Extracted data
* * * * *

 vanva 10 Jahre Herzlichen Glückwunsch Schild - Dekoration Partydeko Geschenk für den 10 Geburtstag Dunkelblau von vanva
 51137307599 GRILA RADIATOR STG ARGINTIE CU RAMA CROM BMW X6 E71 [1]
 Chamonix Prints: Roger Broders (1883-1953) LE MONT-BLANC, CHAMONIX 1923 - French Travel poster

* * * * *

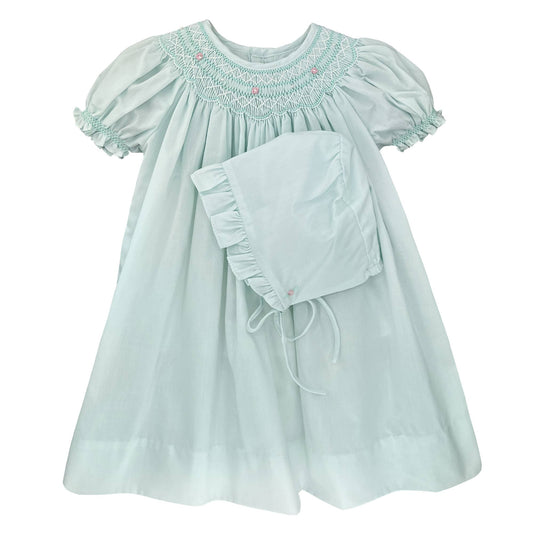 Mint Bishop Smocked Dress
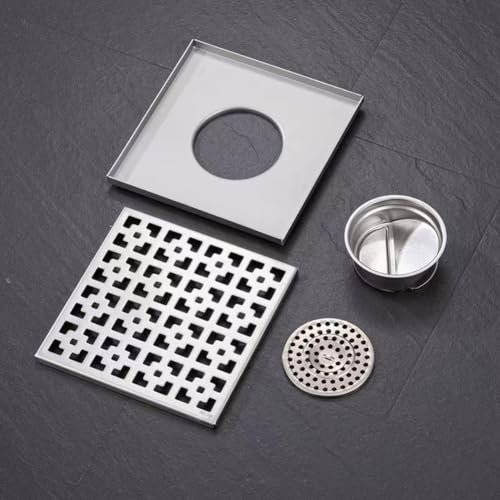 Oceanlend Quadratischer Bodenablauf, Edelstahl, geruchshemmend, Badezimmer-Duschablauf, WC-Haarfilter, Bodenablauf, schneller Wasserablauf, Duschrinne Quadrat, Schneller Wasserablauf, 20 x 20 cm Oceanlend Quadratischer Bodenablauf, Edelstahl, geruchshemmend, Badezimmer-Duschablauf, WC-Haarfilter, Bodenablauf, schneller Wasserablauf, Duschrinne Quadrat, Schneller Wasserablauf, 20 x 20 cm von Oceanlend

* * * * *

Required action
When the line with "51137307599 GRILA RADIATOR" is reached in the data above, start copying there, and copy each line exactly until the line with "Chamonix Prints: Roger" has been copied; copy nothing else.

Answer
 51137307599 GRILA RADIATOR STG ARGINTIE CU RAMA CROM BMW X6 E71 [1]
 Chamonix Prints: Roger Broders (1883-1953) LE MONT-BLANC, CHAMONIX 1923 - French Travel poster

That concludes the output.